Can the Special Judge Still Grant Police Custody in a Section 7 PC Act Case?

ADVERTISEMENT

Why Section 35 BNSS matters in Section 7 PC Act cases

Section 7 of the Prevention of Corruption Act, after the 2018 amendment, punishes a public servant who obtains, accepts, or attempts to obtain an undue advantage. The offence is serious, but it still falls within the seven-year bracket. That makes Section 35 BNSS directly relevant.

This changes the ordinary approach to arrest. The investigating agency cannot proceed on the old assumption that because the offence is serious, arrest automatically follows.

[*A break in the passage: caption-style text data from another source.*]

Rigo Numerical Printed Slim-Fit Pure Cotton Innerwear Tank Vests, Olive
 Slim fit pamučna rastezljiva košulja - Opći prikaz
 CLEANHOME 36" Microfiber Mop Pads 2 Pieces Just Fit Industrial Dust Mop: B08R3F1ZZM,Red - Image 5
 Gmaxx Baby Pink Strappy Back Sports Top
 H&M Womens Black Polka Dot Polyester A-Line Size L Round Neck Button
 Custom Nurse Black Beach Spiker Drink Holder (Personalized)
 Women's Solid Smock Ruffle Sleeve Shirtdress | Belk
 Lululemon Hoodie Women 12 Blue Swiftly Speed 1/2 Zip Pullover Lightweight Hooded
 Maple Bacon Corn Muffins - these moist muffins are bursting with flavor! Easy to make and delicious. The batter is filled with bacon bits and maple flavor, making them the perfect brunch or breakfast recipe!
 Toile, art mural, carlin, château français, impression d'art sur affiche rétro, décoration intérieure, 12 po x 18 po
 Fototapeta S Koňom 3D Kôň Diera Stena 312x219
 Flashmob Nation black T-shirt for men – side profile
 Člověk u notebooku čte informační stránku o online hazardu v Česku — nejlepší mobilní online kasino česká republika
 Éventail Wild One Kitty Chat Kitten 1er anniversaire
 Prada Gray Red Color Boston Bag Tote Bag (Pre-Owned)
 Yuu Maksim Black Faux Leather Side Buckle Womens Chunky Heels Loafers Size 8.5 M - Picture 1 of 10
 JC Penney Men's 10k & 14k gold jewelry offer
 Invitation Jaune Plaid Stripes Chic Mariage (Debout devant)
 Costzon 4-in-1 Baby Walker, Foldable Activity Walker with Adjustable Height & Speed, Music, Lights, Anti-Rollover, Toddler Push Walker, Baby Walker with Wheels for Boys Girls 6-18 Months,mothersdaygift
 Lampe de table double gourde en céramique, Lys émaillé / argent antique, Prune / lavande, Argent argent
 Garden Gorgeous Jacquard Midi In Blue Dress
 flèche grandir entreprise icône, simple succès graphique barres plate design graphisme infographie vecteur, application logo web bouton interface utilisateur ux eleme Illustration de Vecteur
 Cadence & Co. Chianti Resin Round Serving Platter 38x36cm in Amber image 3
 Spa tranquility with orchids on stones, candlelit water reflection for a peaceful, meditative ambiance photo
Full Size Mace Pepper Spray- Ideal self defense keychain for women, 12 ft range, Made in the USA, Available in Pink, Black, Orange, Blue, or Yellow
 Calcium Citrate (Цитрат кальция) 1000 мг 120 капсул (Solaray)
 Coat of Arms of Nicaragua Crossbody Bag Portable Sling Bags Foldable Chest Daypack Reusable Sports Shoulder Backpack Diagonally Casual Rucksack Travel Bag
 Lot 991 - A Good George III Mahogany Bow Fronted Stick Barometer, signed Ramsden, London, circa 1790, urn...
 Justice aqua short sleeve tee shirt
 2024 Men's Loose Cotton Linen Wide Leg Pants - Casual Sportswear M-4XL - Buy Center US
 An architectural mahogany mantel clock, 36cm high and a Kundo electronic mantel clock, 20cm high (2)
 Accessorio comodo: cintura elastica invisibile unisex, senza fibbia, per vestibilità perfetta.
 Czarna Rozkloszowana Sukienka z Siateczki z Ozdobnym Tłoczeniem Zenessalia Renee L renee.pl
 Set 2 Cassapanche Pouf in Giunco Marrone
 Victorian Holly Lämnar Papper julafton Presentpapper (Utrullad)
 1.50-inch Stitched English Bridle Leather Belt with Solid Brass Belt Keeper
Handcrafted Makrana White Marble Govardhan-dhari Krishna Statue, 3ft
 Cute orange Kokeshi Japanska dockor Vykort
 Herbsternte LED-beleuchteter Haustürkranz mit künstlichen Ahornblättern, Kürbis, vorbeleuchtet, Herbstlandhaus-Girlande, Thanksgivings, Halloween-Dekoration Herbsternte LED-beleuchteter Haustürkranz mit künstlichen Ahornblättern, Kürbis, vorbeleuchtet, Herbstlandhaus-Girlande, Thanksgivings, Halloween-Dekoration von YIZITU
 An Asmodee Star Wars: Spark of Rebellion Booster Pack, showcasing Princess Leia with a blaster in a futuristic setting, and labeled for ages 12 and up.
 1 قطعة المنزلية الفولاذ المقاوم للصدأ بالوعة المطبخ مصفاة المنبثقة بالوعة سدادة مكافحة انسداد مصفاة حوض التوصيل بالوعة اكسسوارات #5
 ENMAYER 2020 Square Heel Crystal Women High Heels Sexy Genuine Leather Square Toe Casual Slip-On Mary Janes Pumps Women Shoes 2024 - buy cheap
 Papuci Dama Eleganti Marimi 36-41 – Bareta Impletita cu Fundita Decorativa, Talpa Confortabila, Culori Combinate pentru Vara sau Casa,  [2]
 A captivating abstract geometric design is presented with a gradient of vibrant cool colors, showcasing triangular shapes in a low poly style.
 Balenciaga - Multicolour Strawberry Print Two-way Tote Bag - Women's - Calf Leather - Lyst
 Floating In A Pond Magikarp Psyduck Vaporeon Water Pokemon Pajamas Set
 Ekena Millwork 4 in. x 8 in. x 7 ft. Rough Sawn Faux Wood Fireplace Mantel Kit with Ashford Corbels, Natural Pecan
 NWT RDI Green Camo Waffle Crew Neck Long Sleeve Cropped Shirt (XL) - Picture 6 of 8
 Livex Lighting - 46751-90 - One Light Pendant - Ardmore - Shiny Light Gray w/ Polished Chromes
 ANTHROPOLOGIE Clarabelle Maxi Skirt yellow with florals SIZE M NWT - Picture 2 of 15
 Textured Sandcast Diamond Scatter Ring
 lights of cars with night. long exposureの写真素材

The court must ask:

SPONSORED
  • Was notice under Section 35(3) issued?

  • If not, why not?

  • What reasons were recorded to show that arrest was necessary?

  • What statutory condition under Section 35(1)(b) made immediate arrest unavoidable?

  • If the accused was cooperating, what fresh circumstance justified arrest despite notice?

These are not merely procedural questions. They go to the legality of the arrest itself.

If the record does not show meaningful compliance with Section 35, the remand court should be slow to authorise further detention. A weak arrest cannot be cured by a remand order.

The effect of a failed trap

A failed trap does not necessarily mean that no offence is made out. That much must be clearly understood. The prosecution may still rely on verified demand, recorded conversation, pre-trap material, and surrounding circumstances. The Bombay High Court has indicated in the case of Rajendra Shinde Vs. The State of Maharashtra that mere demand may still sustain prosecution in an appropriate case and that actual physical acceptance is not the only possible mode in which the offence may arise.

But that is only one part of the picture.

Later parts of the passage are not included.